What do you get when you take a Tom DeLay co-conspirator, a cushy seat on the board of the Employees Retirement System of Texas, and a check from the man who funded the Swift Boaters?
A state lawmaker said Wednesday that it’s absurd not to require public officials to disclose the size of checks given to them as gifts.
Rep. Lon Burnam, D-Fort Worth, urged the Texas Ethics Commission to reconsider its ruling that law does not require Bill Ceverha, a member of the Employees Retirement System of Texas board, to disclose the amount of a check given to him by Houston home builder Bob Perry, the state’s largest individual campaign donor.
“Any appointed government official can receive a check from anybody for any amount and all they have to write on their disclosure form is ‘check,’ ” Burnam wrote in a letter to the commission. “This is absurd — and dangerous.”
Burnam has led the charge to force Ceverha to step down as a board member since Ceverha declared bankruptcy, suggesting that the bankruptcy makes him ill-suited for a job that involves overseeing state money.
Ceverha has refused to resign, saying his bankruptcy had nothing to do with his duties.
Appointed public officials are required to disclose financial information to alert the public to possible conflicts of interest.
Ceverha disclosed receiving a check from Perry last year but did not give the amount.
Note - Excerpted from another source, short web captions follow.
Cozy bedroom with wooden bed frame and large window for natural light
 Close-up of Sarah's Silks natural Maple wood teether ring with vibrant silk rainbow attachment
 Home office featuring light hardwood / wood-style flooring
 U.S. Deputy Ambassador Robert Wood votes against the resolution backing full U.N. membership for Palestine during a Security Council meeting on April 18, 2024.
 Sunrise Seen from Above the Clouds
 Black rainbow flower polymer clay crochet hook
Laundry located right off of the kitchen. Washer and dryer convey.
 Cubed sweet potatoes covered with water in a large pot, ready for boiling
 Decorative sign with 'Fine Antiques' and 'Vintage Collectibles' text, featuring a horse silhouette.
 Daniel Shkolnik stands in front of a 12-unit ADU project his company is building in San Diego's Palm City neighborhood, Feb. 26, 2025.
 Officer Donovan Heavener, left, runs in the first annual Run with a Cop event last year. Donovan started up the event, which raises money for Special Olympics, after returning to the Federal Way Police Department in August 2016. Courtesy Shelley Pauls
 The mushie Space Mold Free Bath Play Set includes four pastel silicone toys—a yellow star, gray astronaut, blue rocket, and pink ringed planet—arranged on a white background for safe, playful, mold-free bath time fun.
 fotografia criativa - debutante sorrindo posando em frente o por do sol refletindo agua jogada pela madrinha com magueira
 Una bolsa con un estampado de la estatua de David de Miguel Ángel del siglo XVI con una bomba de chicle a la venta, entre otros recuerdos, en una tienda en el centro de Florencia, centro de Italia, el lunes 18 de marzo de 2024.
The ethics commission ruled last week that state law requires disclosing only the nature of a gift.
In 2002, Perry donated $3.8 million to Texas candidates and political organizations, including $165,000 to Texans for a Republican Majority, the DeLay committee. In 2004, the publicity-shy Perry gained national attention by initially funding the Swift Boat Veterans for Truth, an organization targeting presidential candidate John Kerry.
Although 2004 was a relatively quiet year for state candidates, Perry still poured $3.2 million into those campaigns.
Perry’s critics have accused the Legislature of creating the Texas Residential Construction Commission, which arbitrates homeowners’ complaints with builders, at his request.Perry’s lawyer, who wrote draft legislation to create the commission, later was named to the new agency board.
Last month, Comptroller Carole Keeton Strayhorn [yes, that’s Little Scottie McClellan’s mom], who is running for governor, said her agency’s review of the commission shows it is acting as a “builder protection agency.”